### Short web captions:

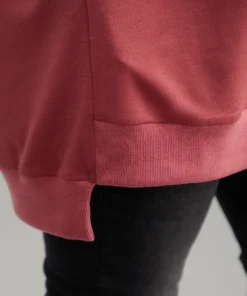 Solid Rib Knit Hem High Low Hem Sweatshirt 18 Solid Rib Knit Hem High Low Hem Sweatshirt -Clothing Shop 332099602 my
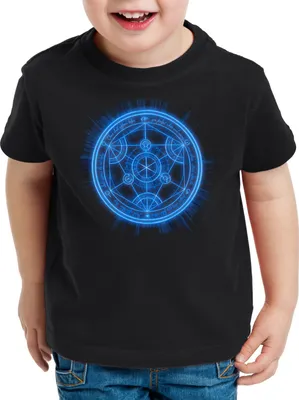 Produktbild von style3 Full Metal Transmutation Circle Kinder T-Shirt Anime Manga Japan Alchemist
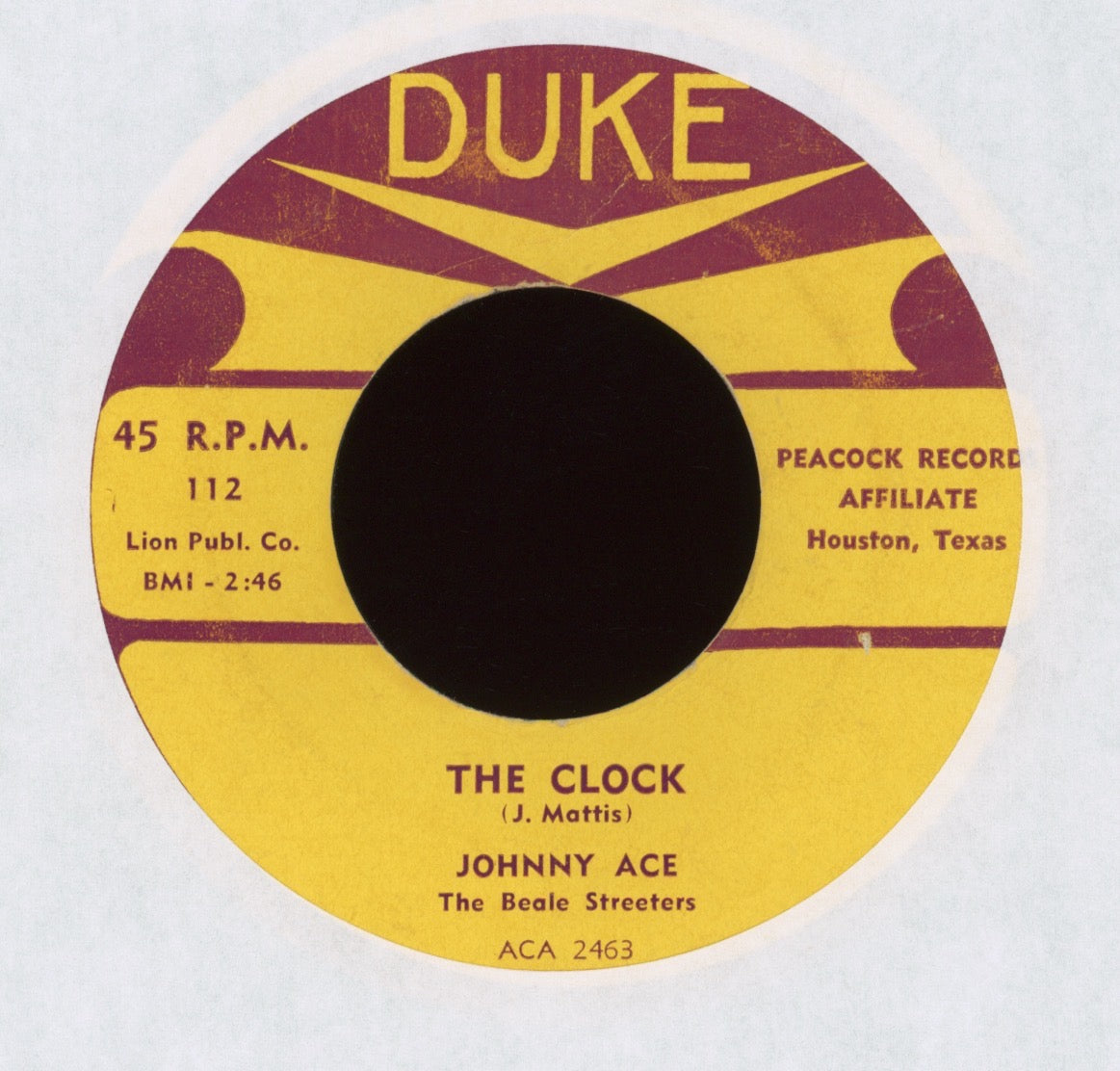 Johnny Ace - The Clock / Aces Wild R&B 45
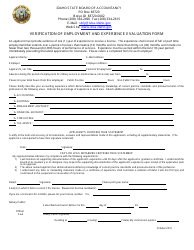 Application for License - Certified Public Accountant - Idaho, Page 2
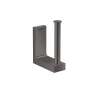 Axor Universal Rectangular Spare Roll Holder In Brushed Black Chrome, 42654340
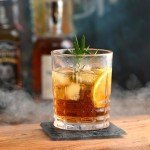 Whiskey Glass Set of 4 for Mancaves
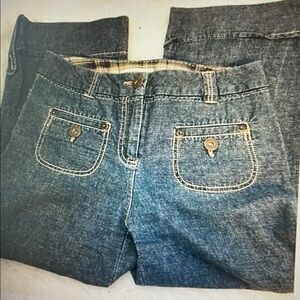 Bamboo Traders Jeans Denim cropped Capris 14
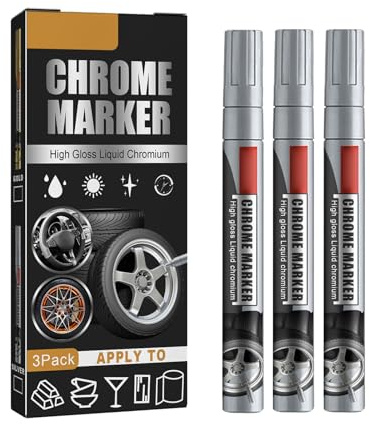 Mnozreo Auto Reifen Stift Silber,Lackstifte für Auto Kratzer,Hohe Kapazität Reifenstift,Auto-Felgen Kratz Entferner,Auto Reifen Graffiti Stift,Weis Wasserfest für Auto Motorrad Reifen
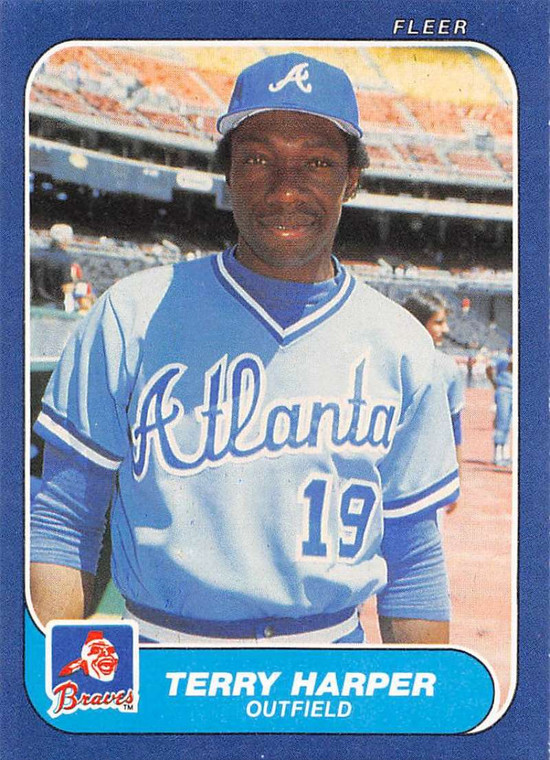 1986 Fleer #516 Terry Harper VG Atlanta Braves 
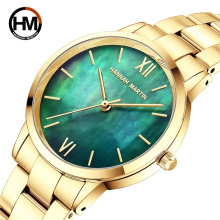 Hannah Martin New Arrival 1221 High Quality Ladies Quartz Watch Shell Pearl oyster Japan Movement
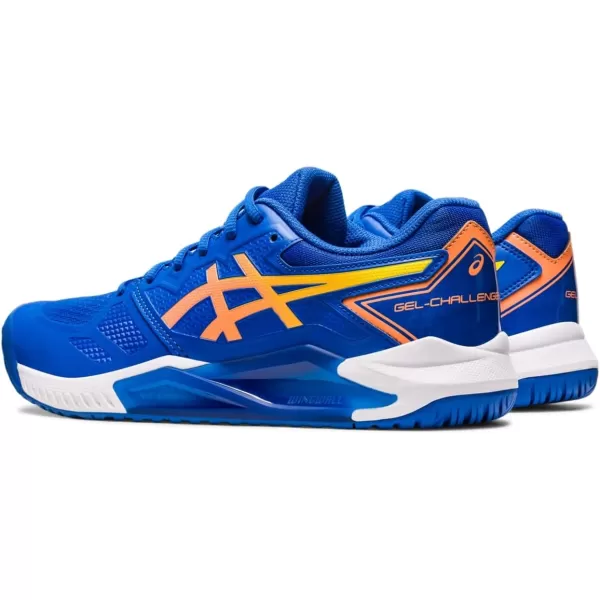 imageASICS Mens GelChallenger 13 Tennis ShoesTuna BlueSun Peach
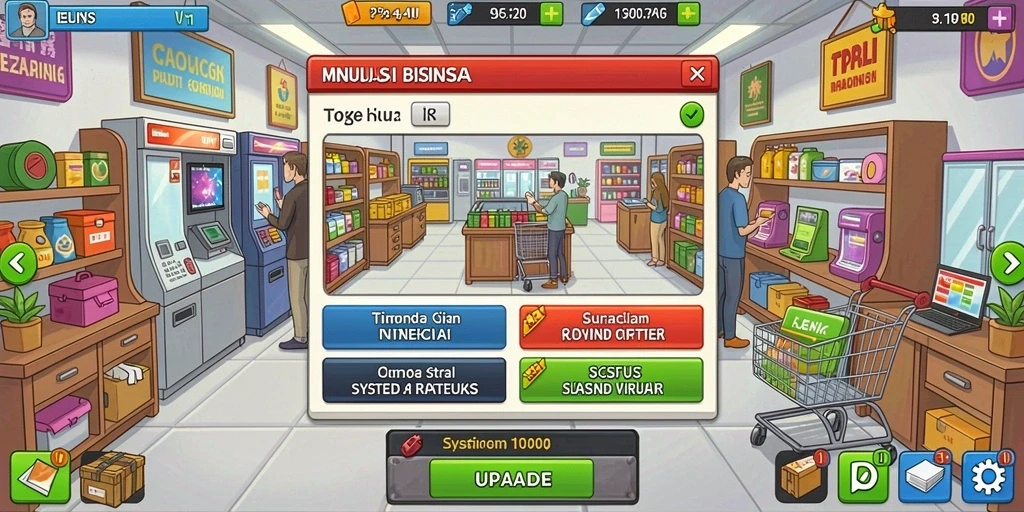 Tangkapan layar memperlihatkan sistem reward yang menawan.
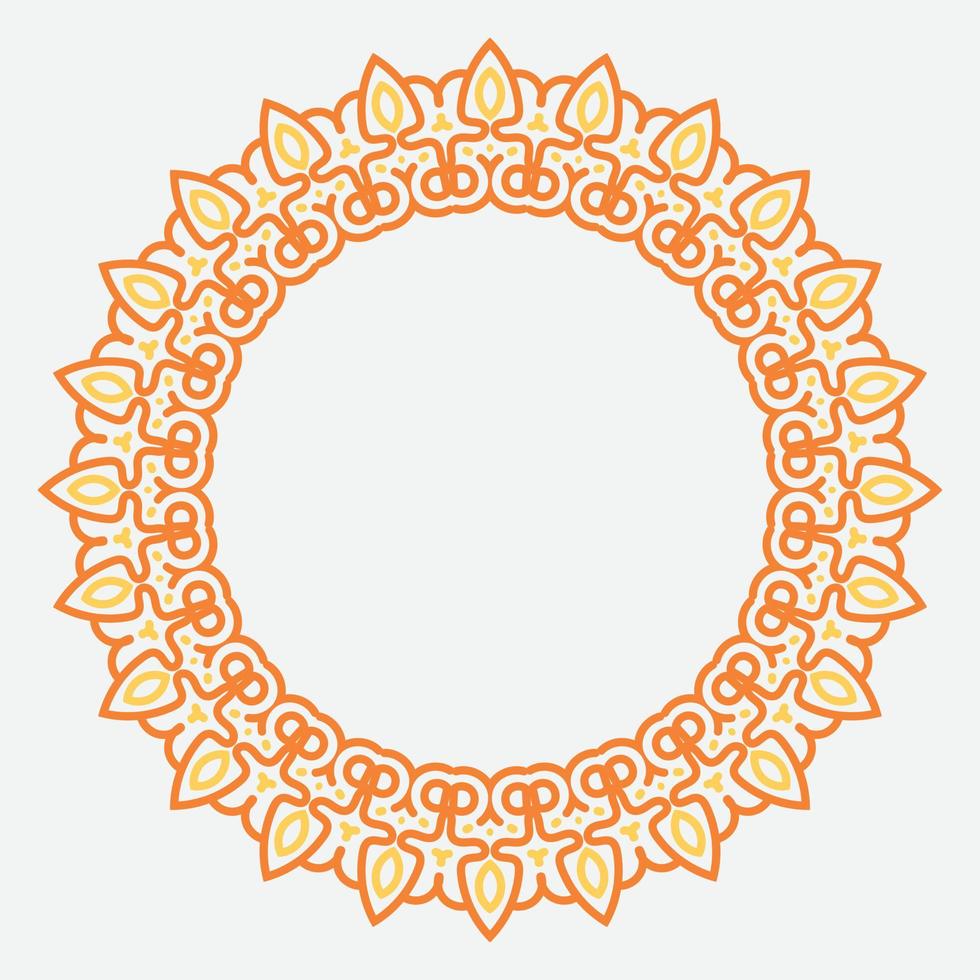 cadre circulaire. ornement rond. couronne pour la conception, modèle de logo. vecteur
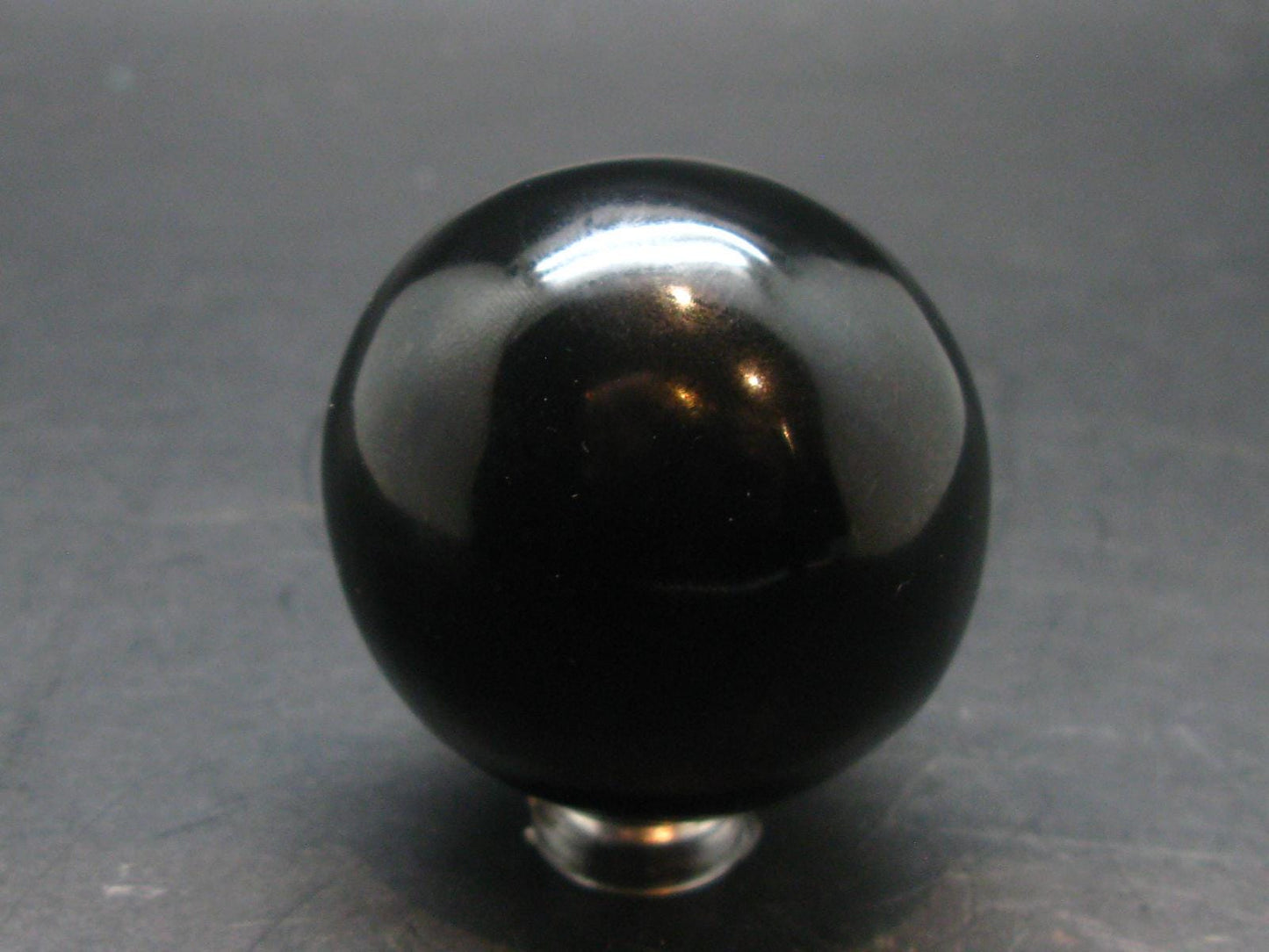 Black Obsidian Polished Stone From Mexico - 1.8"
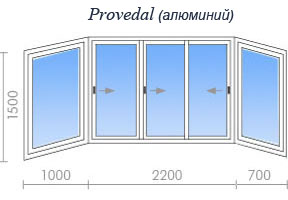 Остекление балкона provedal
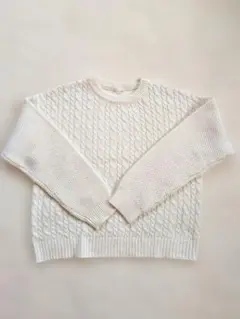 GU ミニケーブルセーター サイズL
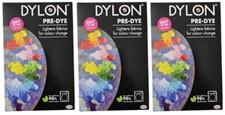 3 x DYLON PRE-DYE Lightens fabrics for colour change, 200g each.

### TASK TO CARRY OUT:
A word-for-word copy is needed of the lines from the line holding "Mnozreo Auto Reifen" through the end of the records, both included, excluding every picture.

### SOLUTION FOR THIS TASK:
 Mnozreo Auto Reifen Stift Silber,Lackstifte für Auto Kratzer,Hohe Kapazität Reifenstift,Auto-Felgen Kratz Entferner,Auto Reifen Graffiti Stift,Weis Wasserfest für Auto Motorrad Reifen
 1986 Fleer #516 Terry Harper VG Atlanta Braves 
 Hannah Martin New Arrival 1221 High Quality Ladies Quartz Watch Shell Pearl oyster Japan Movement
 imageASICS Mens GelChallenger 13 Tennis ShoesTuna BlueSun Peach
 Tangkapan layar memperlihatkan sistem reward yang menawan.
 cadre circulaire. ornement rond. couronne pour la conception, modèle de logo. vecteur
 Black Obsidian Polished Stone From Mexico - 1.8"
 Остекление балкона provedal
 GU ミニケーブルセーター サイズL
 3 x DYLON PRE-DYE Lightens fabrics for colour change, 200g each.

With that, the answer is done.